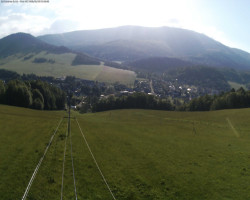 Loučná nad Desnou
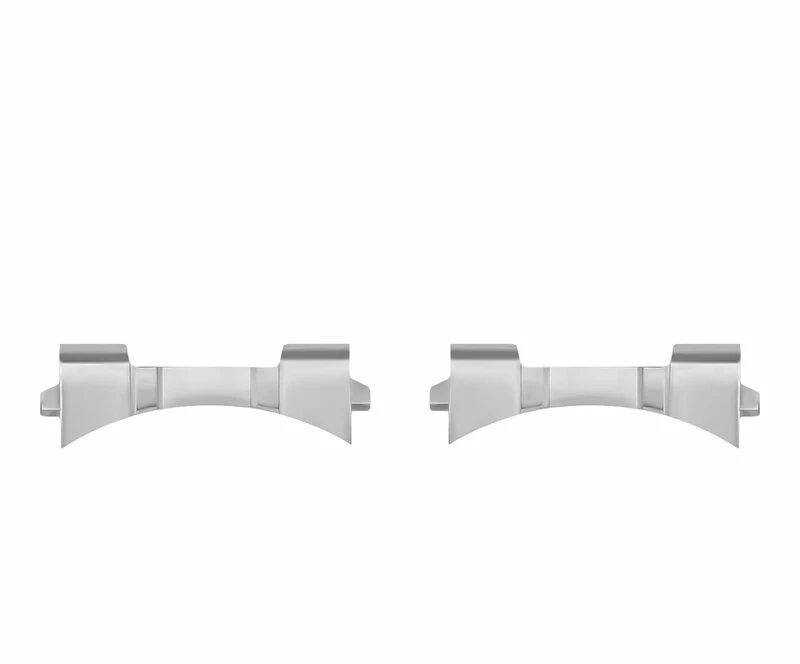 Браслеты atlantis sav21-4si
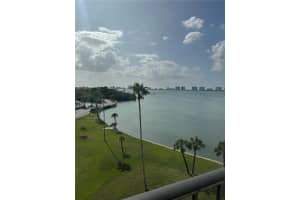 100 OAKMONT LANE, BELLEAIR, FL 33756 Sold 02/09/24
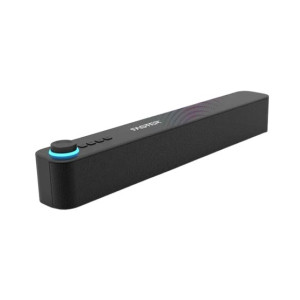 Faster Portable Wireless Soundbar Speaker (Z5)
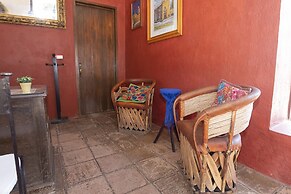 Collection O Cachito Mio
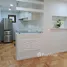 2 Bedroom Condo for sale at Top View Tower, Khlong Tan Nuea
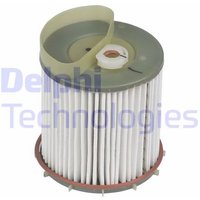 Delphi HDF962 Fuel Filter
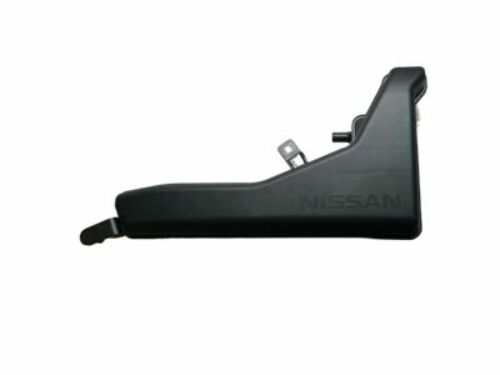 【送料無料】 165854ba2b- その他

--- --- ---

*Task directions*. Return the complete material above exactly, with no picture.

*Exercise result*.
 Loučná nad Desnou
 Браслеты atlantis sav21-4si
 100 OAKMONT LANE, BELLEAIR, FL 33756 Sold 02/09/24
 Faster Portable Wireless Soundbar Speaker (Z5)
 Collection O Cachito Mio
 2 Bedroom Condo for sale at Top View Tower, Khlong Tan Nuea
 Delphi HDF962 Fuel Filter
 【送料無料】 165854ba2b- その他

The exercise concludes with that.